Cumhurbaşkanı Erdoğan G20 dönüşü uçakta gazetecilerin sorularını yanıtladı. Erdoğan, FETÖ’den ihraç edilenleri kriptoların seçtiği sorusuna “At izi it izine karıştı, FETÖ’cü diye ihraç edilenlerin bu işle hiç ilgisi yok. Ama artık o insana yaftayı yapıştırıyorlar” dedi.
Erdoğan, G-20 Zirvesi’ne katıldığı Çin’den Ankara’ya dönüş yolunda uçakta gazetecilerin sorularını yanıtlarken, ABD BaşkanıBarack Obama’yla görüşmelerini anlattı. Erdoğan, Suriye’yle ilgili konuşmalarını, “Obama, özellikle Rakka konusunda beraber bir şeyler yapmak istiyor.
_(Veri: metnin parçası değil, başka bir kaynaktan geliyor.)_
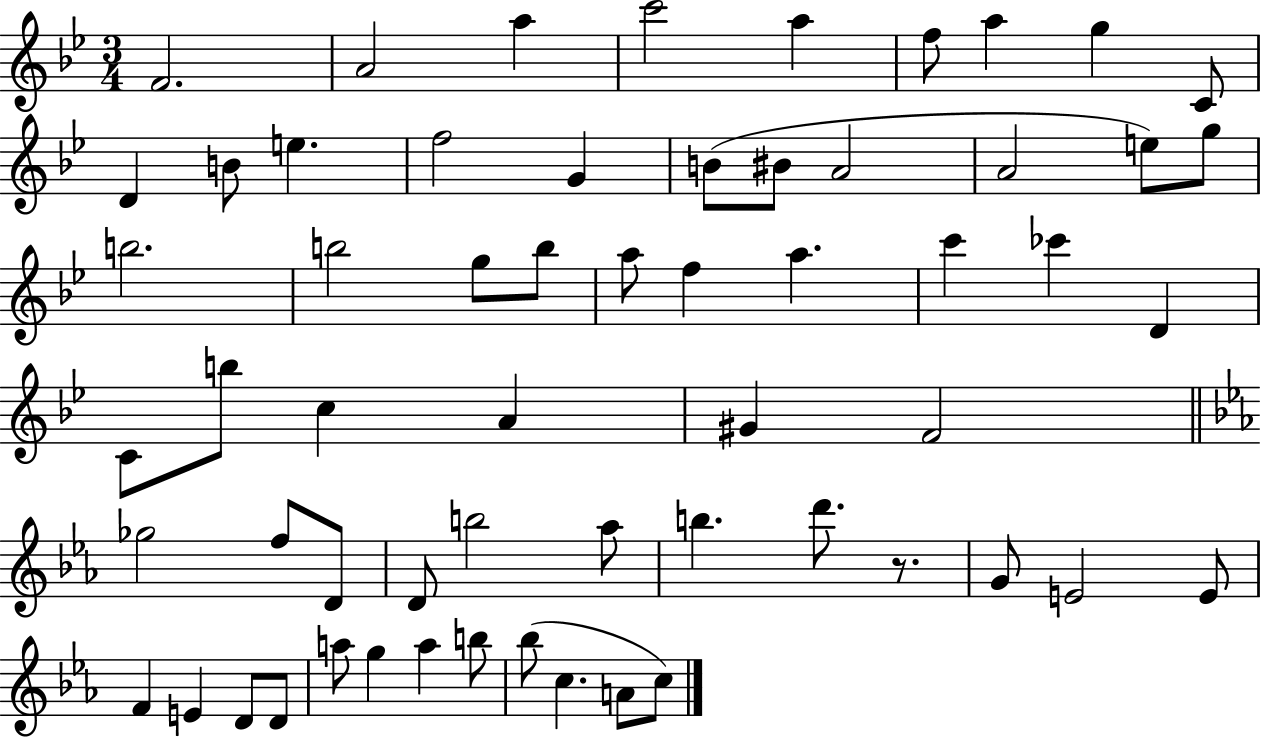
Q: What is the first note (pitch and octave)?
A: F4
Bizim açımızdan bir sıkıntı olmayacağını belirttik. ‘Askerlerimiz bir araya gelsinler, ne gerekiyorsa bu yapılır’ dedik” diye aktardı.
Hürriyet yazarı Vahap Munyar'ın aktarımına göre, Erdoğan’ın açıklamalarından bazıları şöyle:
At izi it izine karıştı
FETÖ ile mücadele çerçevesinde ihraç edilenleri kriptoların seçtiği, asıl kriptoların ise halen görevde durduğu, yanlış insanların gönderildiği söyleniyor…
Bunu söyleyenler kendilerine göre doğru da söyleyebilirler. Ama şu var ki at izi, it izine karışmış vaziyette. “Ben bir şey atayım da nasılsa tutar” diyenler var. Bazıları böyle yapıyor. Özellikle yazılı ve görsel medya dünyasında bu çok var. Bazen fırsat bulduğumda TV’leri izliyorum. Öyle yorumlar yapıyorlar ki suçladıkları o insanın bu işle hiç alakası yok. Ama o insana o yaftayı yapıştırıyor. Bunlar doğru şeyler değil. Bu tür yanlışlıklardan uzak durmak lazım.
"Obama Rakka'da beraber bir şeyler yapalım diyor"
Türk askerinin Rakka’ya doğru gitmesi söz konusu mu? Ayrıca 15 Temmuz öncesindeTSK’nın Suriye’ye girme konusunda isteksiz olduğu söylentileri var. TSK’daki FETÖ unsurları mı direniyordu?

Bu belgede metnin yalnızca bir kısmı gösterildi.